## STORED DATA
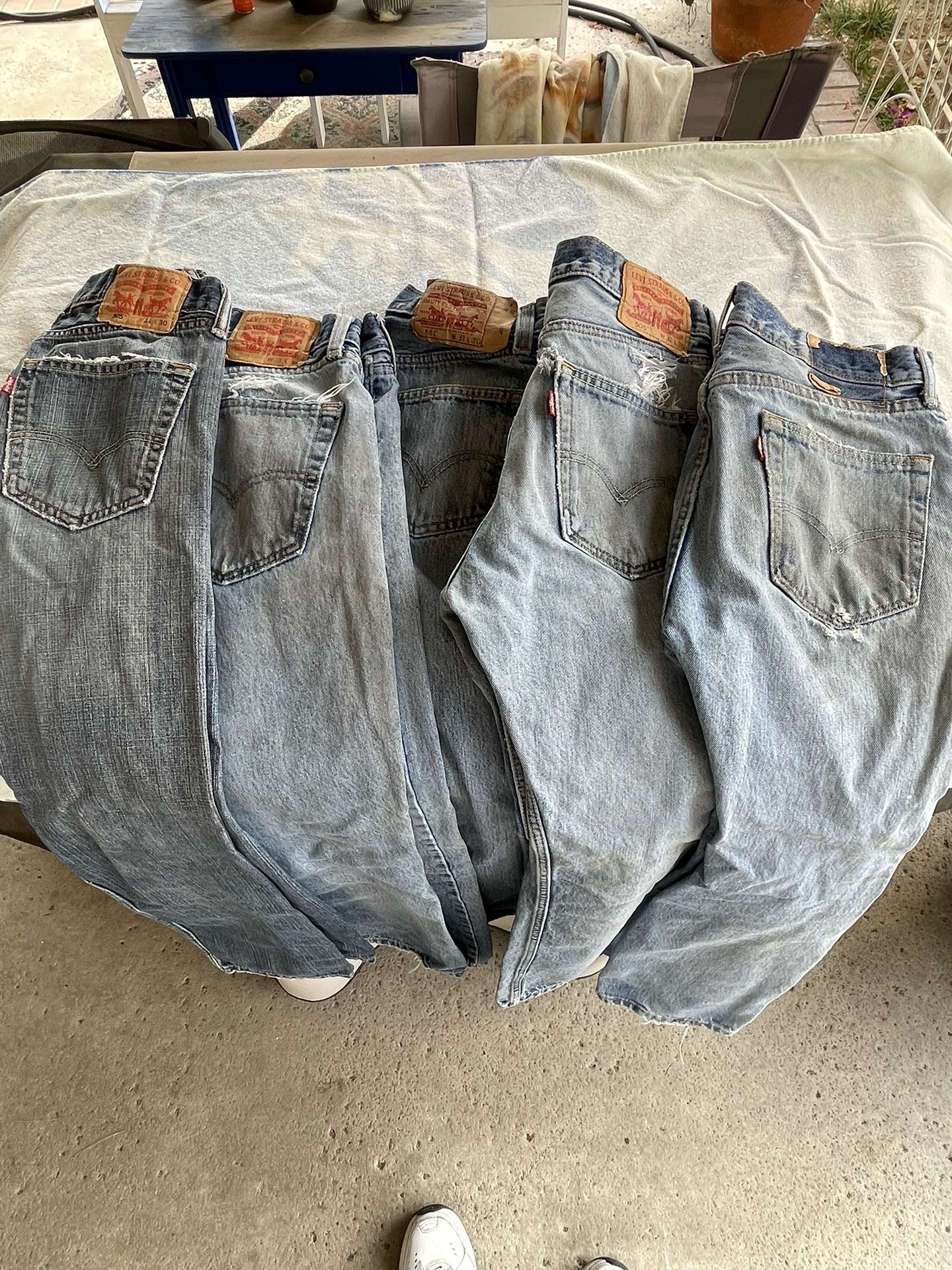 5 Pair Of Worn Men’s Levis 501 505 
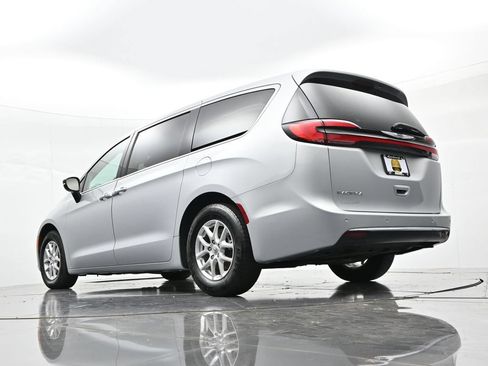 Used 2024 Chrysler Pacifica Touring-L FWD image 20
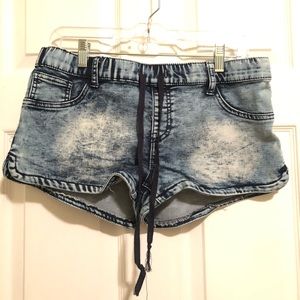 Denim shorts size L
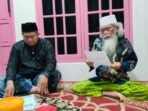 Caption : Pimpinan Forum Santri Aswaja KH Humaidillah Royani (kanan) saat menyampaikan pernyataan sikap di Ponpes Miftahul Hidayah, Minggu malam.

## WORK TASK
Word for word, repeat all the data, but not its images.

## EXERCISE OUTPUT
 5 Pair Of Worn Men’s Levis 501 505 
 Used 2024 Chrysler Pacifica Touring-L FWD image 20
 Denim shorts size L
 Caption : Pimpinan Forum Santri Aswaja KH Humaidillah Royani (kanan) saat menyampaikan pernyataan sikap di Ponpes Miftahul Hidayah, Minggu malam.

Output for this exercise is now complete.